**Task details**.
Please give the lines below again exactly as they stand, from the one that contains "Sen. Dianne Feinstein, D-Calif., is" up to and including the one that contains "Gelbes Eckgebäude an", leaving all pictures out.

[Brief descriptive captions]

BEGIN

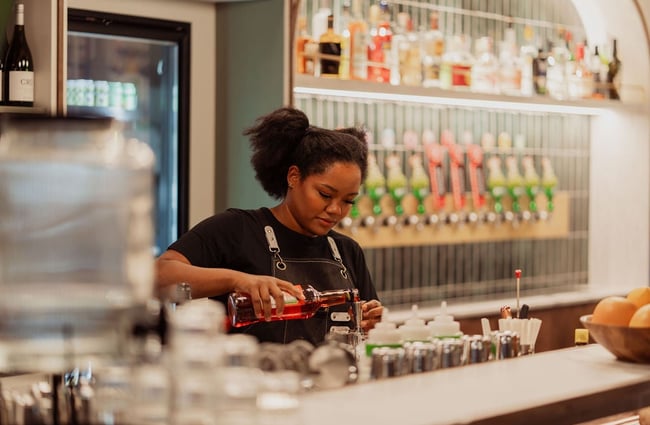 A woman pouring a drink behind a bar at Willis Lane.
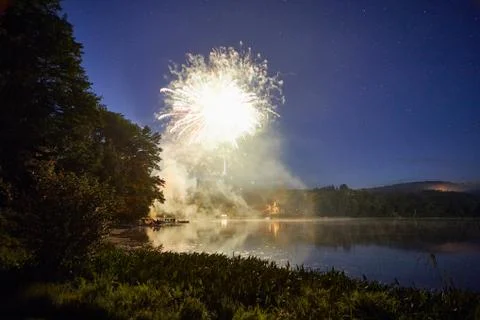 Fireworks exploding over lake at dusk Stock Photos
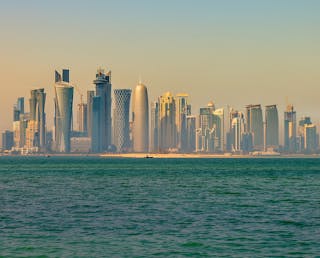 1116px-Doha_skyline_in_the_morning_(12544910974)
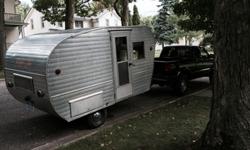 1959 Easy Travler Trailer, Road ready, easy to tow12 foot. Recently replaced bearings and re-packed wheels on the trailer.Original wood interior, propane cooktop included as well as ice box, 6' interior, Exterior Door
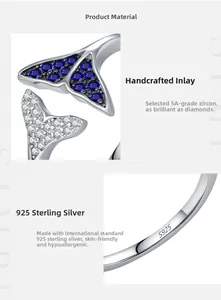 Macro detail of S925 sterling silver mermaid tail ring with blue and white zircons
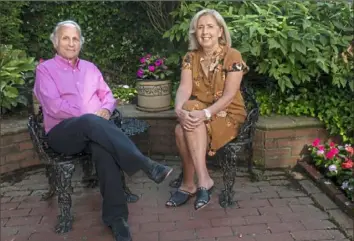  ?? Pittsburgh Post-Gazette ?? Dr. Arthur Levine, executive director of the University of Pittsburgh Brain Institute, and his wife, Linda Melada, at their home in Shadyside.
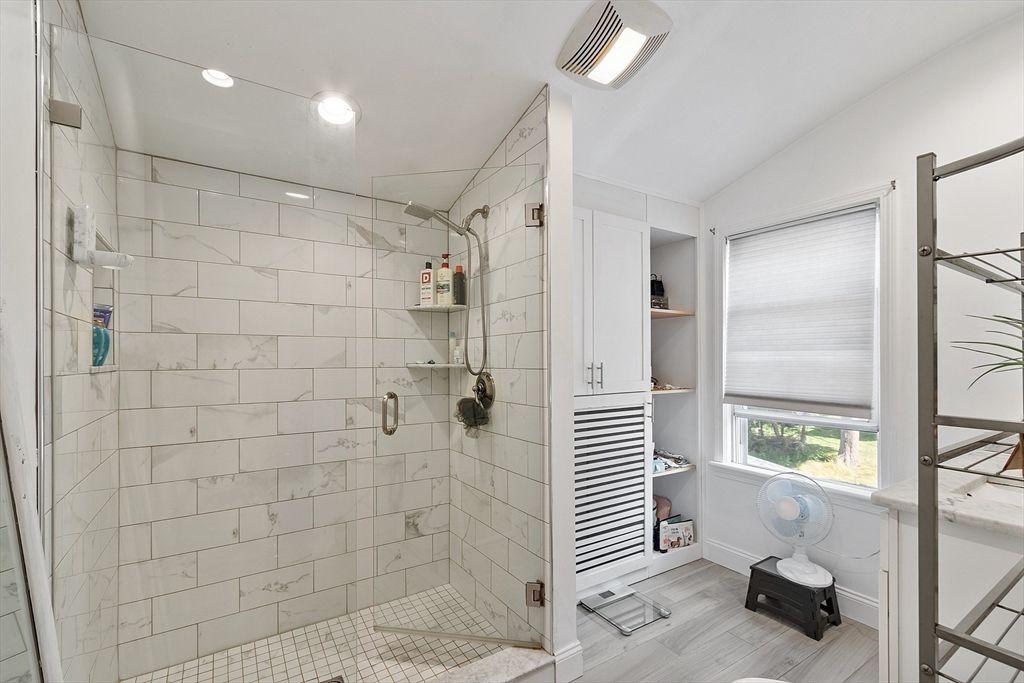 Bathroom, Glass Shower, Interior, Marble Walls, Recessed Lighting, Wood Texture Flooring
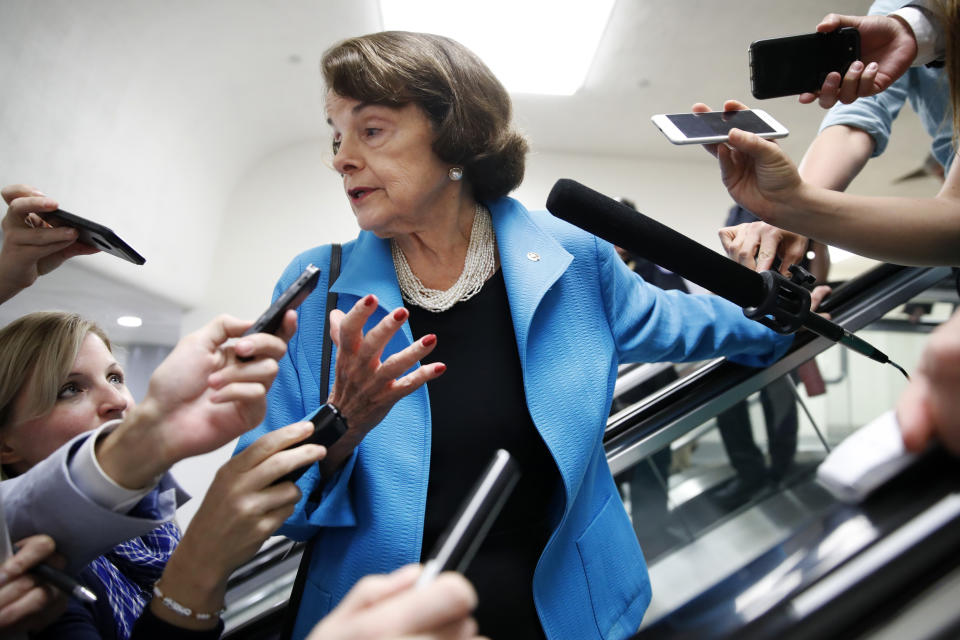 Sen. Dianne Feinstein, D-Calif., is surrounded by reporters as she arrives for a vote, Tuesday, Sept. 18, 2018, on Capitol Hill in Washington. (AP Photo/Jacquelyn Martin)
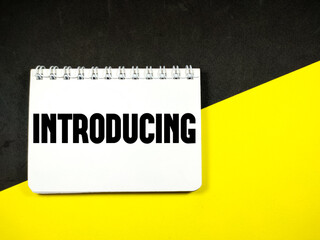 Business concept. Notebook with text INTRODUCING on black and yellow background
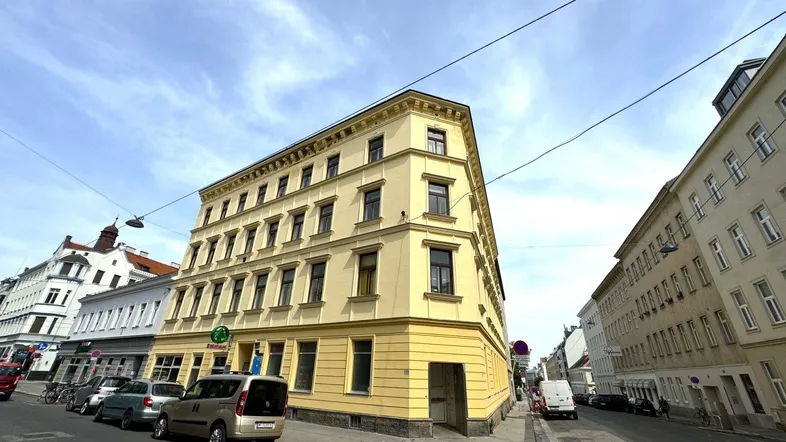 Gelbes Eckgebäude an einer Straße mit mehreren Stockwerken und vielen Fenstern.
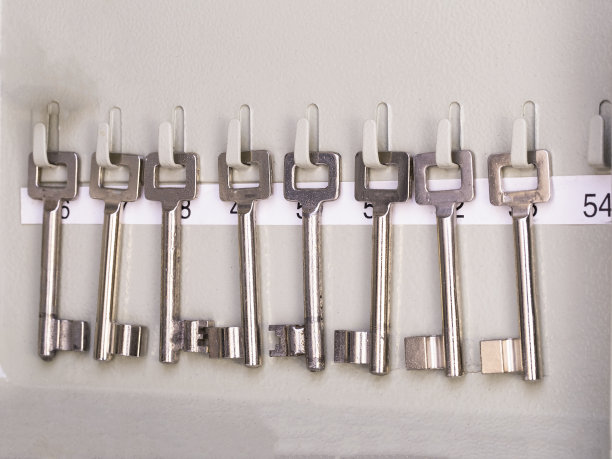 一排古老的金属银万能钥匙挂在标有房间号码的架子上。古董古董钥匙图片下载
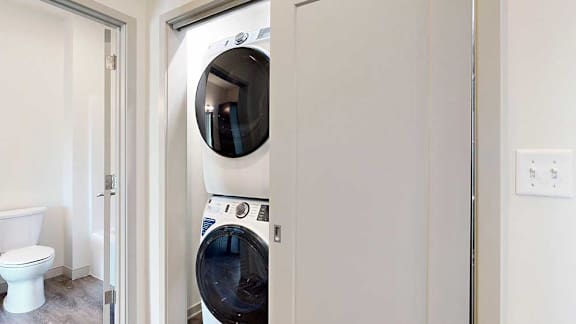a stackable full-sized washer and dryer in a laundry closet in the hallway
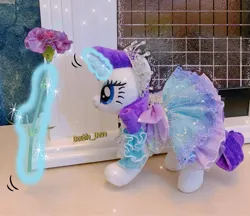 Size: 1500x1298 | Tagged: safe, derpibooru import, rarity, original species, plush pony, pony, unicorn, aura, clothes, dress, flower, glow, glowing horn, hooves, horn, image, jewelry, jpeg, magic, magic aura, necklace, outfit, photo, plushie, raised hoof, solo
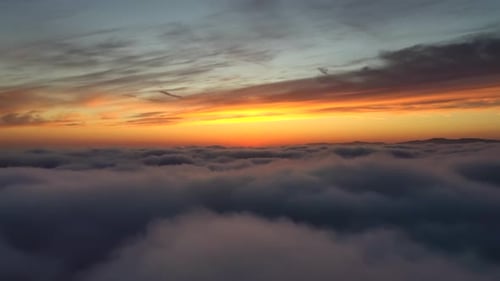 Sunset Above the Clouds Aerial View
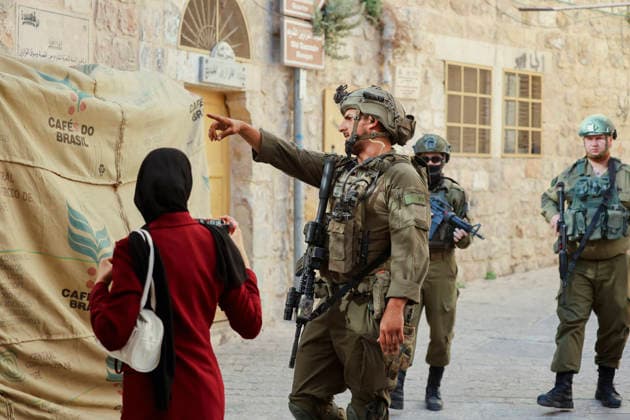 Hebron Israeli Settlers Tour May 23 An armed Israeli soldier gestures while speaking to a woman next to a storefront in the Old City of Hebron, in the occupied West Bank, on May 23, 2026. The area is routinely secured by military forces to escort settlers touring the city, amid ongoing tensions regarding settlement expansion near the Ibrahimi Mosque. Hebron West Bank Palestinian Territories Copyright: xMosabxShawerx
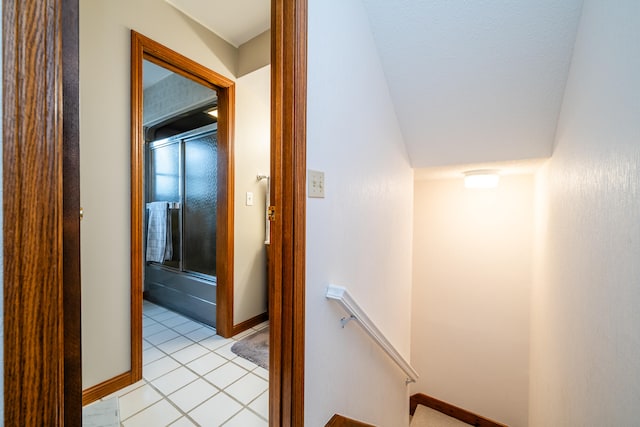 hall featuring light tile patterned floors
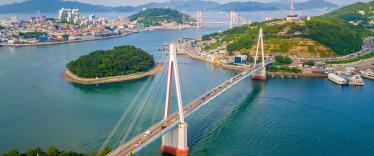 Beautiful aerial shot of Dolsan bridge in Yeosu bay, with tranquil ocean waters and green islands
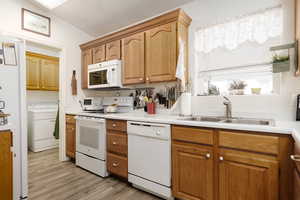 Kitchen featuring sink, white appliances, light wood-type flooring, and washer / clothes dryer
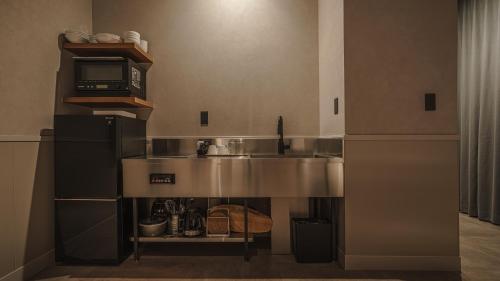 a kitchen with a sink and a microwave at Hotel Aoka Kamigoto in Shinkamigoto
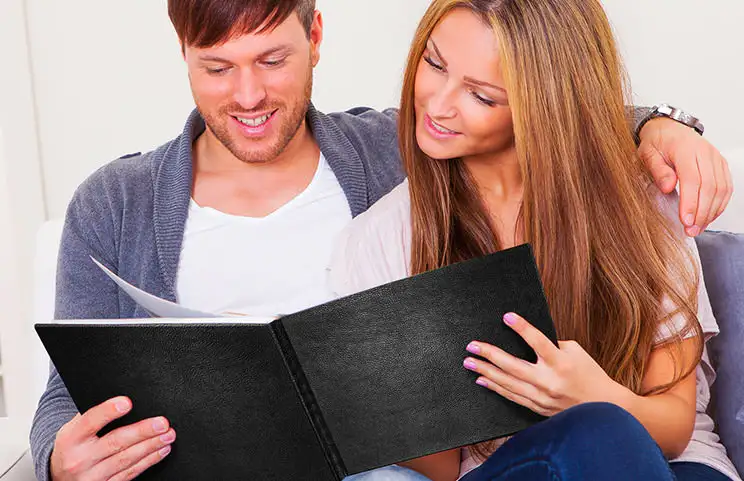 Paar betrachtet individuell gestaltetes Fotobuch mit Ledereinband von Printerpix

END

**Written solution**.
 Sen. Dianne Feinstein, D-Calif., is surrounded by reporters as she arrives for a vote, Tuesday, Sept. 18, 2018, on Capitol Hill in Washington. (AP Photo/Jacquelyn Martin)
 Business concept. Notebook with text INTRODUCING on black and yellow background
 Gelbes Eckgebäude an einer Straße mit mehreren Stockwerken und vielen Fenstern.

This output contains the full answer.